21 October 2013

Politically Incorrect

More bloviating on the Nobel choice of economics winners. Today it's one Raj Chetty who argues that "Yes, Economics Is a Science". He's wrong, of course, despite living in a saltwater economics environment with Krugman, et al.
I'm troubled by the sense among skeptics that disagreements about the answers to certain questions suggest that economics is a confused discipline, a fake science whose findings cannot be a useful basis for making policy decisions.

No, what's troubling is that the likes of Fama live in a bubble, often parodied by Maher. And the likes of Chetty don't call bullshit.

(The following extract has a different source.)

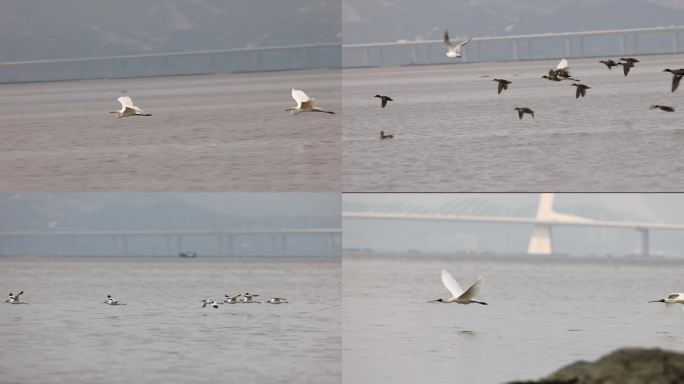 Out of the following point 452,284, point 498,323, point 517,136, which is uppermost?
point 517,136

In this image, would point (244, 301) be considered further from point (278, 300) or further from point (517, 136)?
point (517, 136)

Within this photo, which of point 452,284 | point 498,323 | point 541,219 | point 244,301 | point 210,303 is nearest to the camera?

And the reason: the data is used to support the a priori policy decisions. Each side hires quant guns to defend it. I don't think Chetty even read his piece before submitting it, because he tells the tale of dueling data over the question whether extending unemployment insurance duration leads to a welfare society of entitlement junkies.
These studies have uniformly found that a 10-week extension in unemployment benefits raises the average amount of time people spend out of work by at most one week. This simple, unassailable finding implies that policy makers can extend unemployment benefits to provide assistance to those out of work without substantially increasing unemployment rates.

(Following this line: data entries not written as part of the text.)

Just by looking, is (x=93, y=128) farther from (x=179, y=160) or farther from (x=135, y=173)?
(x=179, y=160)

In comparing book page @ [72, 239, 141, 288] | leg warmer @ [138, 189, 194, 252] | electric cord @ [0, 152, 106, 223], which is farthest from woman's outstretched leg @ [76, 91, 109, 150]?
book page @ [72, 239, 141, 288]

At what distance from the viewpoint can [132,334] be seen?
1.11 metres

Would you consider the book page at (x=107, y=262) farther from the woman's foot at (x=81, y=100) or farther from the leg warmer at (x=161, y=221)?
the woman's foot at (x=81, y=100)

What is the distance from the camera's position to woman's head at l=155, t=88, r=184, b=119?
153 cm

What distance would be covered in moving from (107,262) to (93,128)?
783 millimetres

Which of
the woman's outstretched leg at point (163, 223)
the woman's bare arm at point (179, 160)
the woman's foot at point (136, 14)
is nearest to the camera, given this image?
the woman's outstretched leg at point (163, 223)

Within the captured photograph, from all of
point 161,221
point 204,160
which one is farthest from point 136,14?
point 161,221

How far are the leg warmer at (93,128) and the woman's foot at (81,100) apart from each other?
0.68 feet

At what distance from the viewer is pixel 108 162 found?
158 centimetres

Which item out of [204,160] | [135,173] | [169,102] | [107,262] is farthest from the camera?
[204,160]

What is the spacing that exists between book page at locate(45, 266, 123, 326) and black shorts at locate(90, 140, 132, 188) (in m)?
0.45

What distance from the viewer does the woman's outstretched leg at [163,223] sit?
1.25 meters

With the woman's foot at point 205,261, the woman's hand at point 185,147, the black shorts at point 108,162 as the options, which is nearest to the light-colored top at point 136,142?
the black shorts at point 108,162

Economics isn't a science, it's political economics, as it was called in Adam Smith's (the real one) day, and with good reason. Economics of the sort of Fama, which serves only to defend social Darwinism from protest, was what motivated Smith and those a generation or two on both sides of his life to coin the term Political Economics. They were well aware that the commonweal is different from the benefit to the very upper class, and set about devising an explanation for why the 99% ought to reap more of the benefits of an economy. And they understood that the key was the political process. With autocracy one had monopoly. Which the chicken and which the egg? Flip a coin, because it doesn't matter. Once one abides the other comes along for the ride. Left alone, the monopolist/autocrat would grind the rest into subsistence poverty. The only way to combat this devolution was a set of law which protected the majority from the minority.

If autocracy is the form of "government", then the autocrats, by definition control that which is of value. If monopoly, such as oil fields in third world countries, then the monopolist has to be "protected" from protest by autocracy. Or, who is the NSA protecting?

These days the likes of Fama continue to garner great gelt from the deepest pockets, just as F. Lee Bailey once did. The other issue is data itself: micro data is readily available to corporations/lobbyist/etc. since they have dominion over the process under study. Macro problems, on the other hand, are supplicants to governments (and a few NGOs) for orts of data. Most often this is sample data of shaky provenance. Just read the entirety of a monthly BLS employment report; you'll be in tears.

One of the quite recent indictments of the Fama myth of perfect information, and such, is the cost/price/margin situation with the iPhone 5C/S. If there were rational consumers and perfect information, as the Fama acolytes insist is the way the real world works, then the price difference would reflect the marginal cost difference. According to iSuppli there's a $26 difference, which ends up being a $100 difference in price. In Fama's world, that can't happen. But it does.

Economics will remain not-a-science so long as the mass of economists engage in advocacy to the highest bidder, irregardless.